Six baseline group-level networks were estimated separately for the following participant subgroups: 1) all depressed patients, n=465, 2) all never-depressed controls, n=1295, 3) matched patients, n=377, 4) matched controls, n=377, 5) relatively good responders to treatment, n=233, and 6) relatively poor responders to treatment, n=232. In addition, for longitudinal comparison, we estimated the baseline and follow-up network for a subset of adolescents who met diagnostic criteria for depression at baseline and had recovered at follow-up (n=232). All networks were estimated using the qgraph package in R (ref). As the underlying real network structure of depressive symptoms is unknown and may change with symptom levels (ref Eiko), and because we are interested in the stability of different network estimation methods, we estimated full correlation networks as well as partial correlation networks. We used the cor_auto function to estimate correlation coefficients between items across subjects. For each pair of items in the matrix, cor_auto detects the data distribution (in our case with a four-point rating scale mostly non-normal / skewed) and applies the appropriate parametric or non-parametric correlation equation (e.g. polychoric correlation). Next, the correlation matrix is inverted using the corpcor package to calculate partial correlations.

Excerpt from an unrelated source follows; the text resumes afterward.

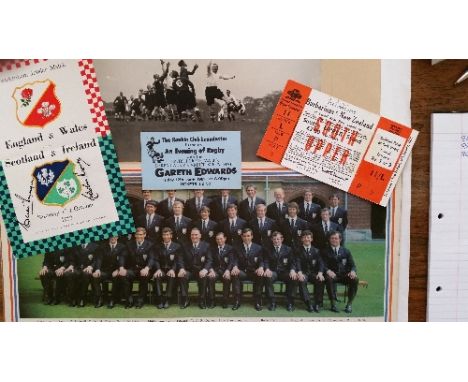 RUGBY UNION, selection, inc. ticket for Barbarians v New Zealand 1973, counter-foil re-attached (with tape to both sides); Ga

The covariance between two normally distributed variables with no floor- or ceiling effects is technically independent of the means of both variables, provided that the variance of both variables remains unchanged. Thereby, when item scores are normally distributed, strong networks (and, similarly, weak networks) are equally likely to occur in people with high symptom levels and in people with low symptom levels. These independencies do not hold in non-normally distributed variables. For example, in a variable with floor-effects (e.g. a questionnaire item on which many people score the lowest possible score, i.e. 0 for 'never'), a lower mean score is associated with lower variance which in turn will result in lower co-variance. Thus, network strength will vary as a function of distribution properties (i.e. mean, variance, skew etc) that we are not necessarily interested in. To filter out this effect, we thresholded the correlation matrix against a permuted null-distribution of randomly generated correlations. These random correlations are generated by, for each subject separately, scrambling the order of item scores such that the items dimension becomes meaningless while preserving the distribution of scores. By scrambling items, we should be
left with the covariance resulting from the dispersion of each subject from the mean,
across all items. Similarly, if we were to scramble the order of subjects for each item separately, we should be left with the
covariance resulting from the dispersion of each item from the mean, across all
subjects. For details about the thresholding method and a simulation study to show how correlations can artificially be induced in fully random data by manipulating distribution parameters, see supplement X. The permutations result in a
distribution of full correlation edge strengths and a distribution of partial correlation edge strengths, against which each of the real edge strengths can then be compared using one-sample t-tests at an alpha of 0.05/465 (number of edges)=0.0001. Significant
edges are set to 1, non-significant edges are set to 0. The result is a
thresholded non-weighted network. Global network strength is calculated as the percentage
of edges across the entire network reaching significance. Node strength is calculated for each item on the questionnaire as the percentage
of edges within each item reaching significance.